蒙塔尔提说:“人类可以依赖真菌细胞的自我复制能力,在短时间内制造更多的材料。”

For her revisited boot, Ciokajlo wanted to use the human body as the source for some of the building materials and decided to employ sweat. Reusing perspiration is not entirely new in space exploration (the International Space Station currently reuses astronauts’ urine and sweat for drinkable water) but a novelty approach for footwear. She thinks it might make astronauts feel closer to home during the long journey to Mars.

乔卡吉洛重新设计这双靴子时,希望部分制作材料来自人体,并最终决定使用汗液。在太空探索中重复利用汗液并不完全是创新之举(国际空间站目前就在回收宇航员的尿液和汗液,经处理后作为饮用水),但用于鞋履则非常新颖。她认为,这样做可能会让宇航员在长途火星之旅中感觉离家并不远。

Mycelium’s adventures in space go beyond material innovation. As she researched the commission, Ciokajlo came across a feminist novel from 1893 that imagined Mars as a planet where gender roles reversed – which is why their creation is a boot for women.
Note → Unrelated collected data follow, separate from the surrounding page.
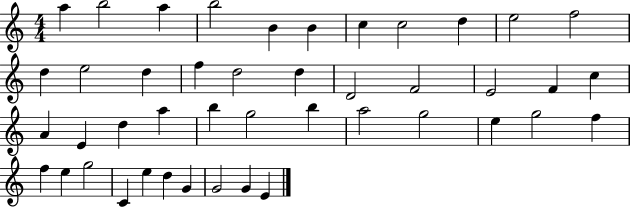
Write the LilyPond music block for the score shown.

{
  \clef treble
  \numericTimeSignature
  \time 4/4
  \key c \major
  a''4 b''2 a''4 | b''2 b'4 b'4 | c''4 c''2 d''4 | e''2 f''2 | \break d''4 e''2 d''4 | f''4 d''2 d''4 | d'2 f'2 | e'2 f'4 c''4 | \break a'4 e'4 d''4 a''4 | b''4 g''2 b''4 | a''2 g''2 | e''4 g''2 f''4 | \break f''4 e''4 g''2 | c'4 e''4 d''4 g'4 | g'2 g'4 e'4 | \bar "|."
}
The novel propelled her to imagine a new society where biomaterials provide a new way to interact with our surroundings. Even the boot’s name, Caskia, comes from the novel: it is the planet’s only region with equal standing between men and women.

菌丝体的太空历险并不限于材料上的创新。乔卡吉洛为此次委托作研究时,发现了一本1893年女权主义小说。小说中的火星是一个性别角色倒转的星球,这也是为什么乔卡吉洛的作品是女靴。这本小说促使她想象了一个新的社会,人们借助生物材料与环境互动,是一种全新互动的方法。即便是这双靴子的名字卡斯奇亚(Caskia)也源自这本小说:卡斯奇亚是这个星球上唯一一个男女地位平等的地区。

The design is still hypothetical, because the real boot submitted for Moma – and currently in display at the London Design Museum – did use mycelium but not human sweat, as their deadline was too tight, but the science checks out.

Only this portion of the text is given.